Comme dans les films de Dino Risi, il y a les monstres et les nouveaux monstres. Au XIXe siècle, on désignait comme monstres des individus sans éducation, esclaves de leurs pulsions primitives. C’est la leçon des Lumières : s’humaniser, c’est apprendre à se plier à la loi commune, toute bonne éducation passe par l’obéissance.

La rupture du XXe siècle, marqué par les horreurs du totalitarisme nazi ou communiste, c’est l’apparition d’une nouvelle forme d’obéissance automatique, aveugle, machinique, fanatisée, que décrit Hannah Arendt en parlant de « banalité du mal » au moment de rendre compte du procès Eichmann. Ce n’est plus l’opposition humanité-bestialité qui joue alors mais celle de l’humain et du machinique : le nouveau monstre obéit froidement, comme une machine.

« Face à la perspective d’une catastrophe imminente, on sent bien que les solutions classiques ne suffisent plus »

En sacralisant les lois du marché, le néolibéralisme, hélas, ne nous a pas permis de sortir de cette nouvelle forme de monstruosité : on se soumet à des diktats économiques sans considérer les conséquences humaines. Désobéir alors, c’est juste arrêter d’appliquer aveuglément des recettes au nom d’une supposée « vérité du marché » et introduire un peu d’humanité.

Comment distinguer les différentes formes de désobéissance ?

Le premier grand domaine recouvre les infractions délictuelles, criminelles et autres transgressions de la loi. Elles sont caractérisées par leur clandestinité, la quête à la fois du profit personnel et de l’impunité. Au contraire, la désobéissance civile revendique d’être d’intérêt public : on se bat pour des valeurs universelles. Son autre grande caractéristique, c’est le choix de modalités non violentes dans l’expression de son refus.

Que signifie cette dimension publicitaire ?

Les grandes actions de désobéissance civile sont construites comme des spectacles qui doivent éveiller les consciences. On peut penser à la marche du sel en Inde, organisée par Gandhi en 1930 pour protester contre les taxes injustes sur ce don naturel de la mer. Pendant des semaines, le Mahatma marche, rejoint par des milliers d’Indiens, jusqu’à l’océan avant d’y recueillir un peu de sel dans ses mains. Ce geste simple et parfaitement scénarisé a déstabilisé la puissance coloniale britannique. De ce point de vue, le choix des musées n’est pas anodin. Quoi de mieux qu’un lieu d’exposition pour exposer sa désobéissance !

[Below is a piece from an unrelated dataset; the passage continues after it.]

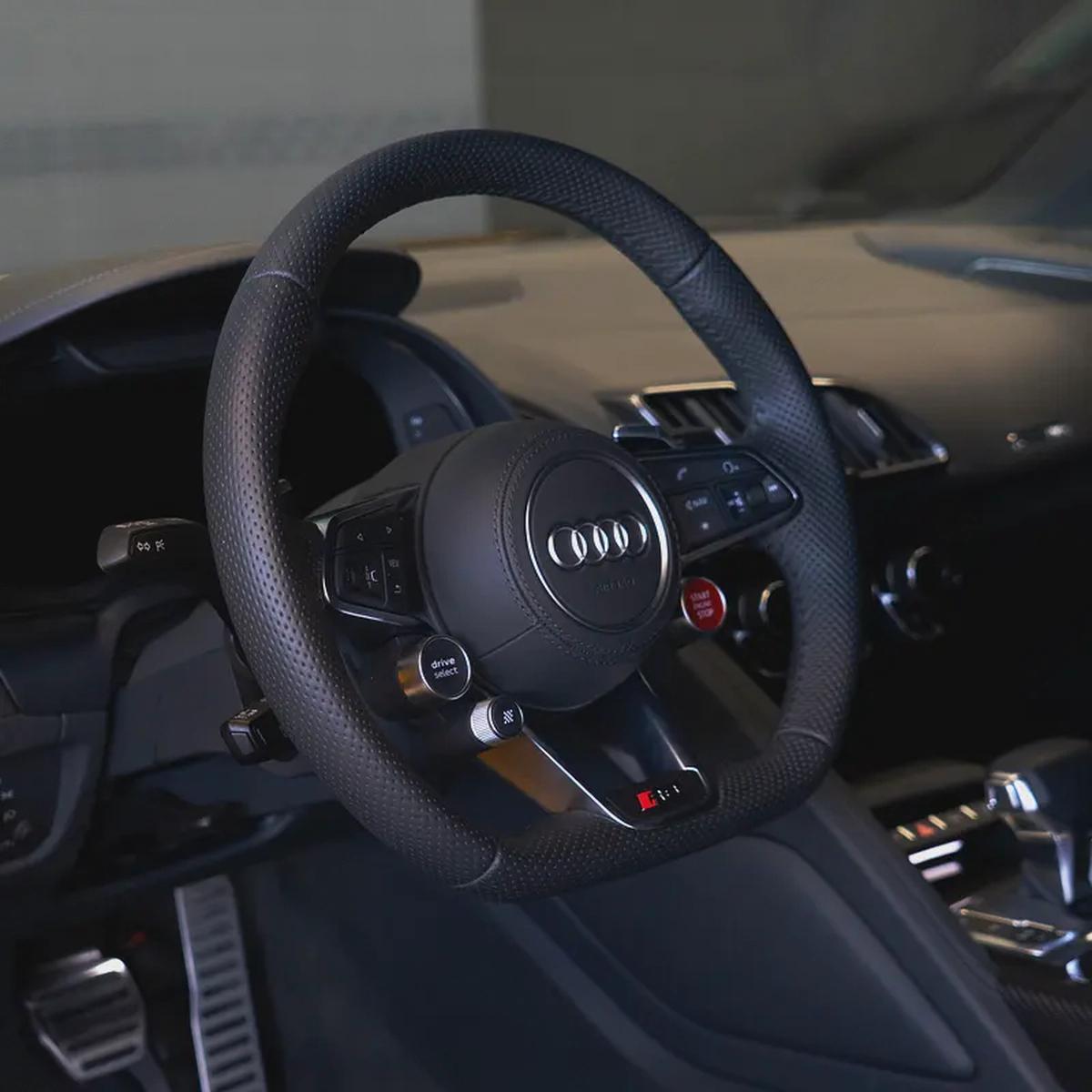 AED 12,457 pm • 0% Downpayment • Audi R8 • Agency Warranty And Service Contract-8-8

Comprenez-vous que ces actions puissent choquer ?

Oui, puisqu’elles sont faites pour ça. On peut se rappeler ces sages antiques qu’on appelait les « cyniques » : Diogène, par exemple, cherche à choquer pour déstabiliser son public. Il défèque au milieu du discours d’un homme politique pour interroger les personnes outrées : « Mais qu’est-ce qui est le plus obscène ? Moi qui accomplis l’acte le plus naturel du monde ou cet homme corrompu qui vous parle de vertu ? »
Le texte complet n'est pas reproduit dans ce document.